━━━ Stored data ━━━

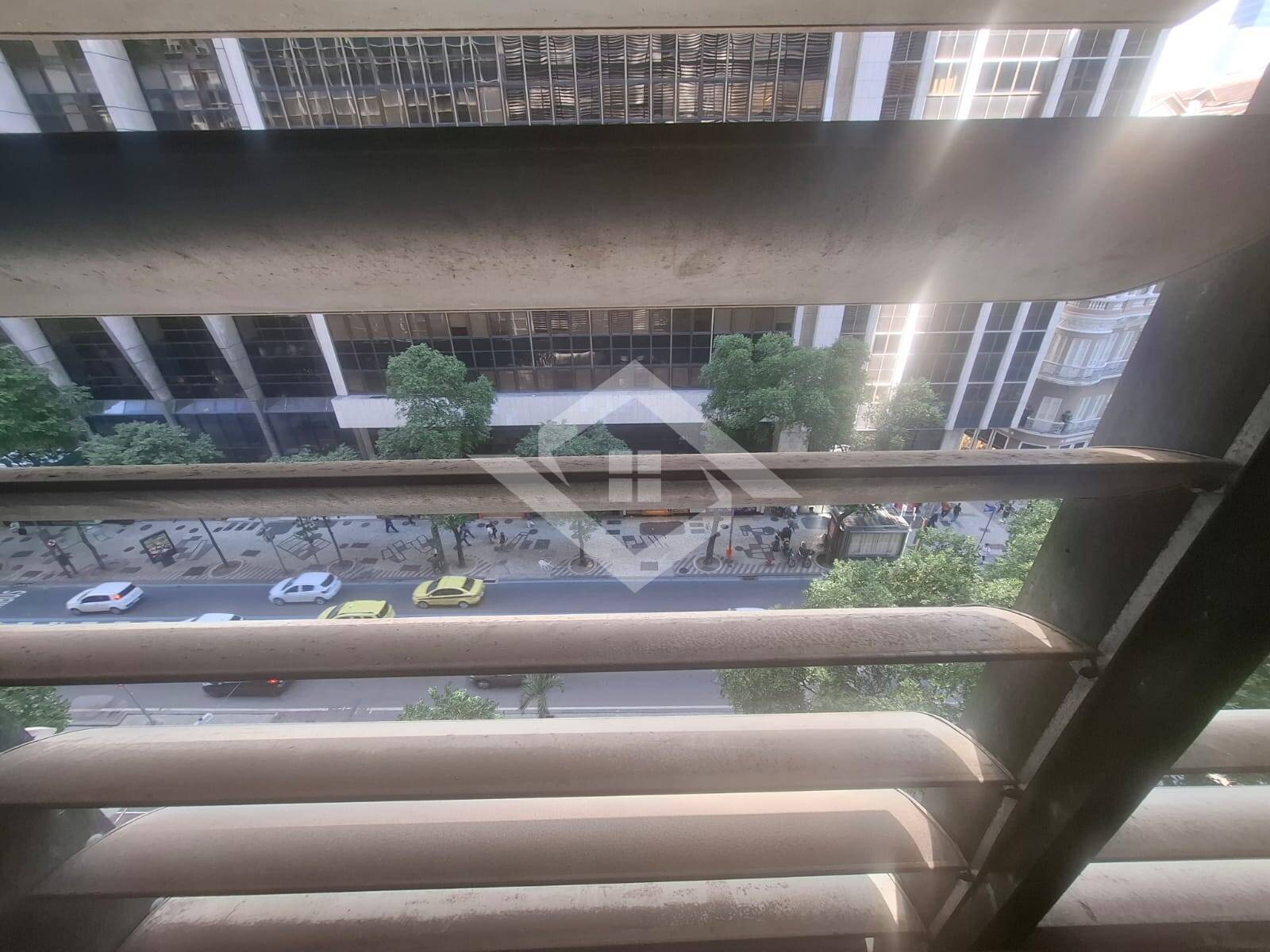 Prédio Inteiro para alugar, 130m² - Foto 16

━━━
━━━ Stored data ━━━

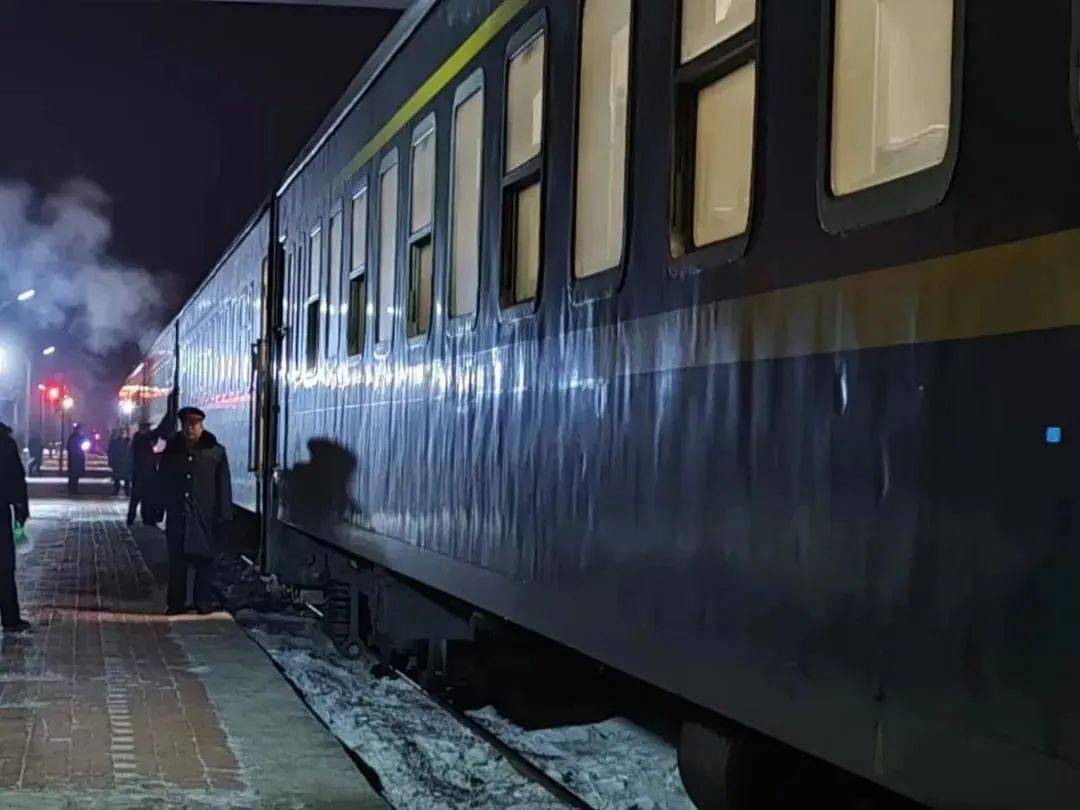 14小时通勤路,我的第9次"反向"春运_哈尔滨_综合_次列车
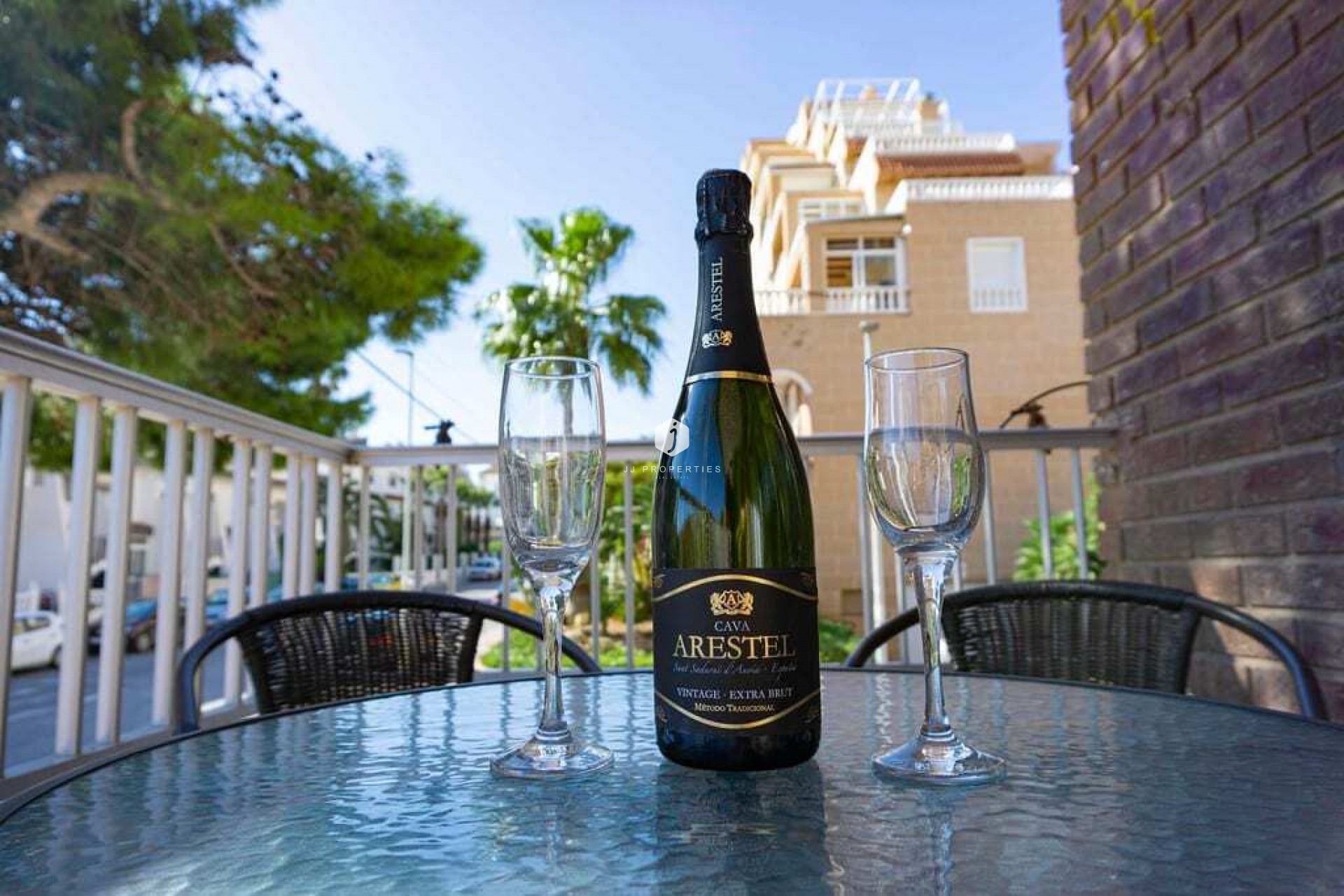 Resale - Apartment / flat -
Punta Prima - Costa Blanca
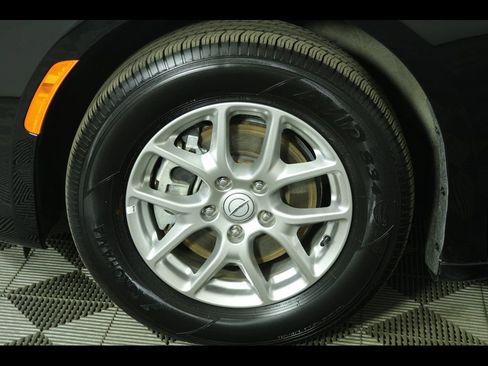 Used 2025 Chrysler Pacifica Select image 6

━━━

Reproduce the data above exactly, but only from the line containing "Punta Prima - Costa Blanca" through the line containing "Used 2025 Chrysler Pacifica Select image 6". Omit all pictures.

Punta Prima - Costa Blanca
 Used 2025 Chrysler Pacifica Select image 6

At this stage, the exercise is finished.